***** RECORDED DATA *****

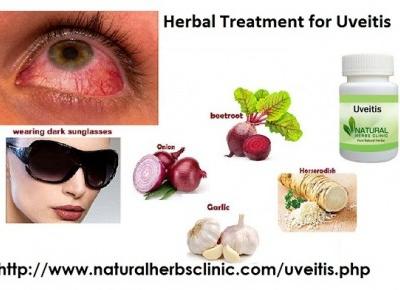 Herbal Treatment for Uveitis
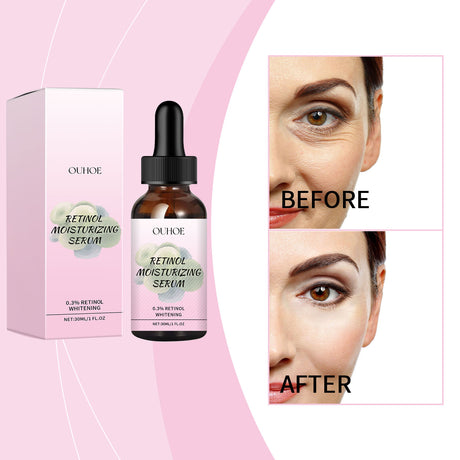 Retinol Hydrating Serum, A Delicate And Moisturizing Face Anti-Wrinkle Serum With Retinol Vitamin C - V.I.P Digital Presence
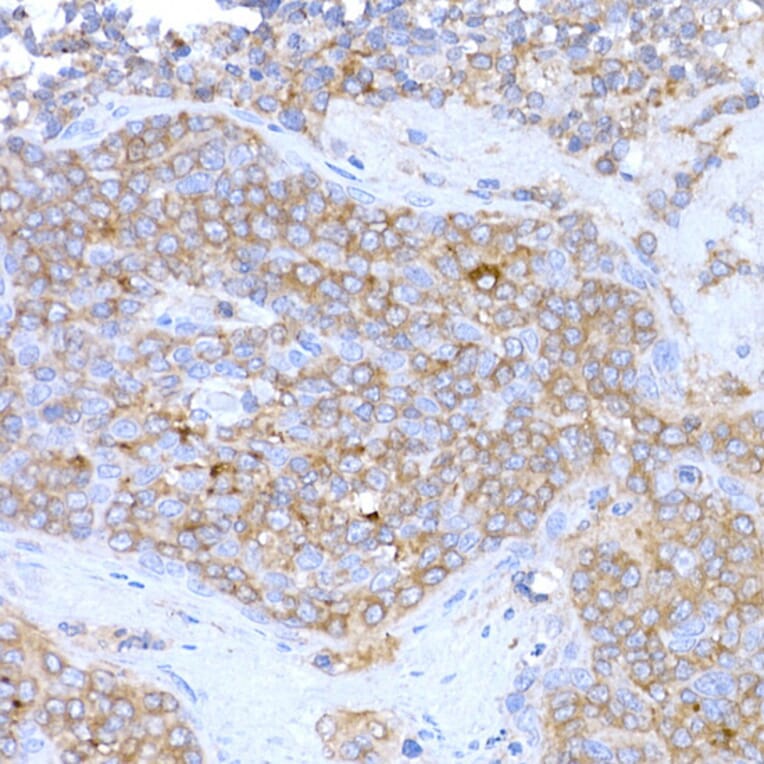 Immunohistochemistry - Anti-MAGED1/NRAGE Antibody (A13138) - Antibodies.com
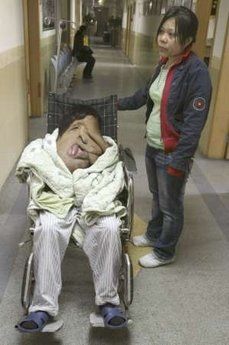 facial-tumors-2.jpg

*****

◆ WORK TO BE COMPLETED
Write the listing above out again word for word, excluding all images.

◆ ANSWER SPACE
 Herbal Treatment for Uveitis
 Retinol Hydrating Serum, A Delicate And Moisturizing Face Anti-Wrinkle Serum With Retinol Vitamin C - V.I.P Digital Presence
 Immunohistochemistry - Anti-MAGED1/NRAGE Antibody (A13138) - Antibodies.com
 facial-tumors-2.jpg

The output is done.